Young people excluded from a basketball concentration at the last minute

Four young people who were about to start their 1D high school in a basketball concentration with a good reputation in Montreal learned at the last minute on Monday that they were suspended. A situation deplored by the director of the program, who is actively campaigning so that this situation does not happen again and who challenges the Minister of Education, Jean-François Roberge.

Sara Badrelama, 12, had been preparing all summer. The girl of 1 meter 71, that The duty met at her home in a modest neighborhood of Laval, participated diligently in camps and training to prepare for the basketball program at Lucien-Pagé, a public secondary school in Montreal. To finally learn this week that she will have to resign herself to going to her neighborhood school instead.

“I was really disappointed when I learned that I couldn’t go to Lucien-Pagé, because the goal of my training this summer was to have a good level. At my neighborhood school, I don’t share this passion, whereas at Pagé, it’s different”.

However, she had been participating in the program since last year, in sixth grade, which is open to young people from Montreal and elsewhere from the age of five. She was playing in a competitive team in the colors of the program.

“Her mother and I noticed a big change when she started playing. Before, she was not interested in school,” says Salahdine Badrelama. Her daughter felt different because of her tallness and playing made her feel more normal. The program is affordable, he adds, and he doesn’t have the money to enroll it outside of school.

Receiving the call on Monday disappointed him. He explains that, since the family resides in Laval, his daughter is considered an “extraterritorial” student. The rules state that his registration must be canceled if the school is full.

Disadvantaged students discriminated against

The situation surprises Alder Pierre, director of the Pagé Basketball program for 14 years. It can accommodate 28 students and, as of Wednesday morning, only 22 were registered, not counting the four offshore students recently excluded.

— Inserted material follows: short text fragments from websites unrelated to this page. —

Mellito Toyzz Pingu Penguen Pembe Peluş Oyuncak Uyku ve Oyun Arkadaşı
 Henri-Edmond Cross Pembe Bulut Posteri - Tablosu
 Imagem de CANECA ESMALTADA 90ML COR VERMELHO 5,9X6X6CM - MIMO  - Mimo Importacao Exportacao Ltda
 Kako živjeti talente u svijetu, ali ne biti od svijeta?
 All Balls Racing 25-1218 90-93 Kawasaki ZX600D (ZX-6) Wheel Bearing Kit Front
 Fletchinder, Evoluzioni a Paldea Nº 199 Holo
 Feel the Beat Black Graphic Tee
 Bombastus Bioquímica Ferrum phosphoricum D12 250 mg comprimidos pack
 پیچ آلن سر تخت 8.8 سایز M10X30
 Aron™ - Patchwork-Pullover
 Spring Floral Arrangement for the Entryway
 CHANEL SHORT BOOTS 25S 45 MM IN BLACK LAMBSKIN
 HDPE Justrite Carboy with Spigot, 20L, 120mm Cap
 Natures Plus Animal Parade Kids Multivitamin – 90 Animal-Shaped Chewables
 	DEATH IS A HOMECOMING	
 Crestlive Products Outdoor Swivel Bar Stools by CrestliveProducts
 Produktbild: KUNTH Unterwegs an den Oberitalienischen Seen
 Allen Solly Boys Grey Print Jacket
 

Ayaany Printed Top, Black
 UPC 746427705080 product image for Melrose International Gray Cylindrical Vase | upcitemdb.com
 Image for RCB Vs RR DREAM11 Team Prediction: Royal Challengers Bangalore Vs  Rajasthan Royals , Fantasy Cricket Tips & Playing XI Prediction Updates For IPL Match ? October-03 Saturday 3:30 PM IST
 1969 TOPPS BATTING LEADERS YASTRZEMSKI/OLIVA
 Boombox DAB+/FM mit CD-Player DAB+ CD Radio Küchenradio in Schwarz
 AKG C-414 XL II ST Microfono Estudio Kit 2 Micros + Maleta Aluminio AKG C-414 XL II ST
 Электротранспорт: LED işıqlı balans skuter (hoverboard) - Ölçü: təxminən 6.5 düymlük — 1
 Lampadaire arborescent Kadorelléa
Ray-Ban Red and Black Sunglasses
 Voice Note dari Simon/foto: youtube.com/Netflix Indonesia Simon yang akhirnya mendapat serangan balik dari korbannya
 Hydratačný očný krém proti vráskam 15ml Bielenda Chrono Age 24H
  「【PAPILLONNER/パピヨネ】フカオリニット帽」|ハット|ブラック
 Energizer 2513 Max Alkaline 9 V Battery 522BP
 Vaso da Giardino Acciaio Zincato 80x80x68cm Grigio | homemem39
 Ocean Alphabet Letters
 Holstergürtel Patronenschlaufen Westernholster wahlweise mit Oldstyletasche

“Regardless of their financial situation or their cultural background, it gave them access to a high-level elite program, comparable to sports studies,” he laments. The program he coordinates has existed for nearly 30 years and is supported by Basketball Québec.

“The specificity of our program is that we have a structured framework. Young people have periods of study, accounts to be rendered and rules to follow, underlines the director. Young people like Sara are discriminated against because they don’t have the chance to go private or to a sports-study program. They have to be given the chance to have access to good services in a public school. »

Sara’s father sent a message on Tuesday to various people at the Center de services scolaire de Montréal (CSSDM) for the decision to be reconsidered. But the answer, “dry” and impersonal, disappointed him. “It’s like teenagers are numbers,” he says.

This is the second time in three years that Alder Pierre has faced the rule regarding extraterritorial students. He therefore decided to fight tooth and nail to obtain an exemption from the admissions policy for the basketball program of the Lucien-Pagé school and to make the policy on extraterritorial students “more humane”. He notably wrote to the Minister of Education, Jean-François Roberge, on Tuesday.

“Sports concentrations should be recognized at the ministry and officially in school service centres,” he thinks. That would remove the student location rule. »

The one who grew up in Montreal North himself attended the Lucien-Pagé school and he recognizes himself in these young people. “I had what, today, I want to give back. If that rule had been in place, I wouldn’t have been able to go,” he says.